Francesco ha dichiarato che il Papa emerito «è uno spirito che guarda con consapevolezza e con coraggio ai problemi del nostro tempo, e sa attingere dall’ascolto della Scrittura nella tradizione viva della Chiesa la sapienza necessaria per un dialogo costruttivo con la cultura di oggi» e che il premio ottenuto dalla teologa tedesca è la dimostrazione di come «venga riconosciuto sempre di più l’apporto femminile nel campo della ricerca teologica scientifica e dell’insegnamento della teologia, a lungo considerati territori quasi esclusivi del clero», inoltre il riconoscimento tributato alla Schlosser è «molto importante» in quanto l’apporto delle donne nella teologia deve essere «incoraggiato e trovi spazio più ampio, coerentemente con il crescere della presenza femminile nei diversi campi di responsabilità della Chiesa, in particolare, e non solo nel campo culturale». Il femminismo, con il suo bagaglio di nefaste conseguenze per l’equilibrio personale, familiare, sociale, con il suo peso di dolore e di inquietudine e schizofrenia che grava sulla civiltà contemporanea, entra con orgoglio nella Chiesa.

«La Verità», provocazione sulle fake news, è il titolo del nuovo singolo di Vasco Rossi, da ieri in radio e disponibile su vinile dal 23 novembre, e milioni di persone sono pronte ad ascoltarla questa canzonettistica verità; mentre La Verità di Cristo, scritta nel Vangelo, tramandata di generazione in generazione dalla Chiesa Una, Santa, Cattolica, Apostolica e Romana nessuno la ripropone più per quello che è, neppure il Papa.

Ma parliamo dell’archistar Mario Botta.

La sua architettura, influenzata da Le Corbusier, Carlo Scarpa e Louis Kahn, è pragmatica, geometrica fino all’esasperazione, per nulla intimista, spirituale e men che meno sacra. I suoi progetti sono volumi puri, tagliati e traforati da grandi spaccature, tra i quali gli edifici a cilindro tronco che trovano la prima realizzazione nella chiesa di San Giovanni Battista a Mogno e il successivo sviluppo nella Cattedrale di Évry, presso Parigi. Questo architetto che compete per notorietà mondiale con Renzo Piano, si è occupato di case unifamiliari, scuole, banche, edifici amministrativi, biblioteche, musei e di edifici di culto, un culto che cattolico non è e non lo sarà mai. I suoi sono templi commerciali, per i quali vanno in visibilio critici d’arte contemporanei che fanno dell’arte un mercato; ma che il fedele, di fronte ad essi, non può che raggelarsi, turbarsi e allontanarsi il più possibile, a meno che non sia un apostata.
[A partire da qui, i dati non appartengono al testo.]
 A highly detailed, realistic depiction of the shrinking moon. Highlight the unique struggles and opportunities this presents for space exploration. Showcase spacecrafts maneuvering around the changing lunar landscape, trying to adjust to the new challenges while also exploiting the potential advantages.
Considerato un rappresentante di quella che viene talvolta chiamata la scuola ticinese di architettura, nel 1996, Botta è stato tra i fondatori dell’Accademia di architettura di Mendrisio. Le sue chiese non sono chiese, bensì cubi, parallelepipedi, ciminiere, come «Il Sacro Volto» di Torino.

Le commissioni della CEI prediligono progetti avveniristici, fantascientifici, svincolati dall’Arte Sacra di sempre. Le chiese costruite da Renzo Piano, Mario Botta, Richard Meier e Massimiliano Fuksas, nel solco modernista tracciato da Le Corbusier, che propose l’arte brutalista, sono diventate riferimenti imprescindibili della committenza ecclesiastica odierna. Un degrado architettonico tragico che non fa che rendere plasticamente evidente la miseria e la freddezza teologica dei nostri tempi, dimentichi della dottrina e del catechismo. Il Modernismo filosofico-teologico-ecclesiastico ha “dialogato” al modernismo architettonico-artistico per poi convolare a nozze.
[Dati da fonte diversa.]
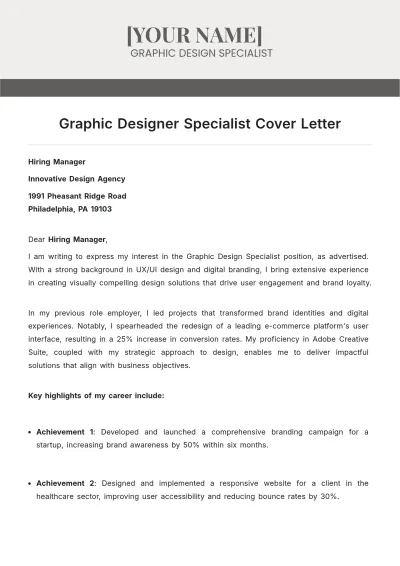 Free Graphic Design Specialist Cover Letter to Edit Online
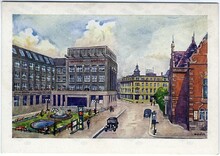 Pohlednice náměstí Dr. Edvarda Beneše, jedna z mnoha, kterou vydala firma Jakuba Janoty. Zdroj: Archiv města Ostravy, Sbírka fotografií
«Il vaut mieux, estime-t-il, s’adresser à des hommes de génie sans la foi qu’à des croyants sans talent» («Meglio un genio senza fede che un credente privo di talento»)[1] sentenziava padre Marie-Alain Couturier O.P. (1897-1954), uno dei principali teorici del rinnovamento dell’arte sacra in Francia. Estimatore dell’architetto Le Corbusier, lo chiamò e sorse Notre-Dame du Haut, una chiesa situata a Ronchamp, presso Belfort, realizzata secondo i canoni dell’architettura brutalista; non pago, lo interpellò anche a La Tourette, dove Le Corbousier progettò il convento domenicano – simile ad una gelida sede aziendale – di Santa Maria. Sapeva, padre Couturier, che questi geni “senza fede” erano seguaci di altre religioni antagoniste al Cattolicesimo? Progettata già nel 1950, la prima pietra di quello che sarà il prototipo delle chiese postconciliari, fu ultimata nel 1955.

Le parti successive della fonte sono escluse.